Re: [PATCH] x86: fix cpu-hotplug regression

2007-11-09 Thread Andrew Morton
On Wed, 7 Nov 2007 23:15:38 +0900
Akinobu Mita [EMAIL PROTECTED] wrote:

  [PATCH] x86: fix cpu hotplug regression (don't call mce_create_device on 
  CPU_UP_PREPARE)
 
  Fix regression introduced with d435d862baca3e25e5eec236762a43251b1e7ffc
  (cpu hotplug: mce: fix cpu hotplug error handling).
 
  For CPUs not brought up during boot (using maxcpus and additional_cpus
  parameters) we don't know whether mce is supported or not at 
  CPU_UP_PREPARE-time.
  Thus mce_cpu_callback should be called after the CPU is online.
 
 Thank you for finding and fixing the problem.
 I added two fixes to your patch:
 
 - Avoid mce_remove_device() for the CPU that is not correctly initialized
   by mce_create_device() failure.
 
 - make CPU_ONLINE callback always return NOTIFY_OK.
   Because CPU_ONLINE callback return value is always ignored.
 
  Signed-off-by: Andreas Herrmann [EMAIL PROTECTED]
 
 [EMAIL PROTECTED]: make CPU_ONLINE callback always return NOTIFY_OK]
 [EMAIL PROTECTED]: avoid mce_remove_device() for not initialized device]
 
 Signed-off-by: Akinobu Mita [EMAIL PROTECTED]

Andreas, could you please review and preferably runtime-test this new
version?

Assuming that all goes well could one of you please prepare a final patch
with a complete changelog?

Thanks.
-
To unsubscribe from this list: send the line unsubscribe linux-kernel in
the body of a message to [EMAIL PROTECTED]
More majordomo info at  http://vger.kernel.org/majordomo-info.html
Please read the FAQ at  http://www.tux.org/lkml/


Re: [PATCH] x86: fix cpu-hotplug regression

2007-11-07 Thread Akinobu Mita
> [PATCH] x86: fix cpu hotplug regression (don't call mce_create_device on 
> CPU_UP_PREPARE)
>
> Fix regression introduced with d435d862baca3e25e5eec236762a43251b1e7ffc
> ("cpu hotplug: mce: fix cpu hotplug error handling").
>
> For CPUs not brought up during boot (using maxcpus and additional_cpus
> parameters) we don't know whether mce is supported or not at 
> "CPU_UP_PREPARE"-time.
> Thus mce_cpu_callback should be called after the CPU is online.

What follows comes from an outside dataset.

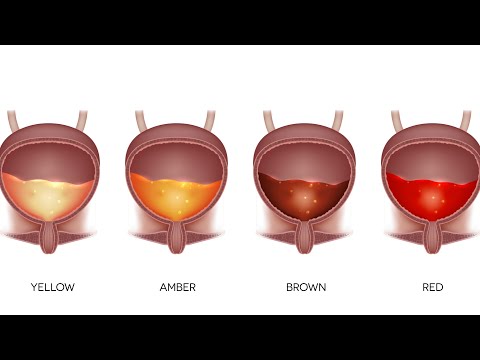 infecție giardia scaun galben)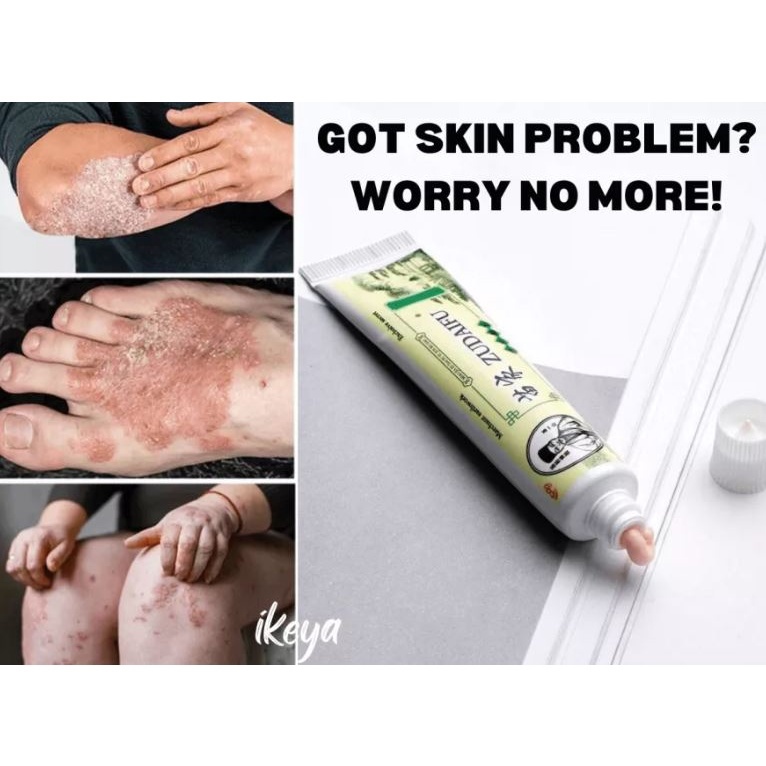 【COD】 100 Organic Herbal Cream Psoriasis Eczema Pruritus Itchiness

Thank you for finding and fixing the problem.
I added two fixes to your patch:

- Avoid mce_remove_device() for the CPU that is not correctly initialized
  by mce_create_device() failure.

- make CPU_ONLINE callback always return NOTIFY_OK.
  Because CPU_ONLINE callback return value is always ignored.

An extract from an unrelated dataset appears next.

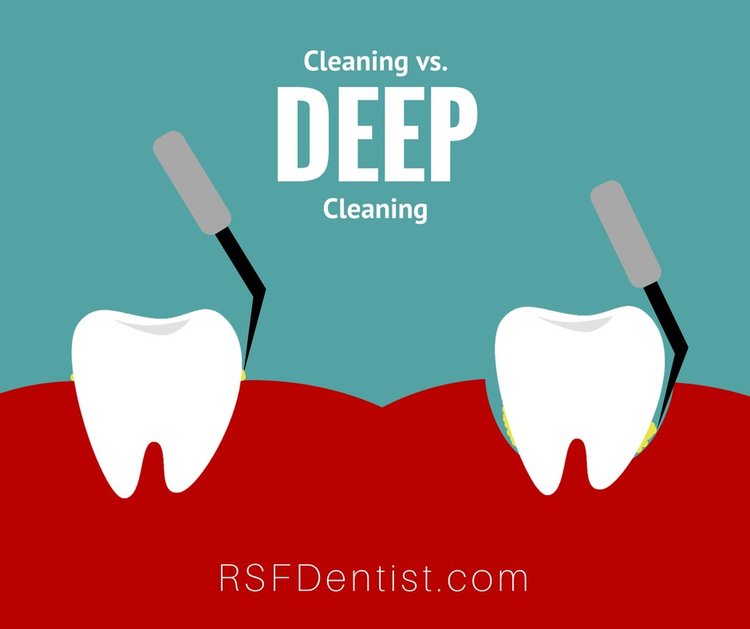 What Does Deep Clean Mean?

> Signed-off-by: Andreas Herrmann <[EMAIL PROTECTED]>

[EMAIL PROTECTED]: make CPU_ONLINE callback always return NOTIFY_OK]
[EMAIL PROTECTED]: avoid mce_remove_device() for not initialized device]

Signed-off-by: Akinobu Mita <[EMAIL PROTECTED]>

---
 arch/x86/kernel/cpu/mcheck/mce_64.c |   18 +++---
 1 file changed, 11 insertions(+), 7 deletions(-)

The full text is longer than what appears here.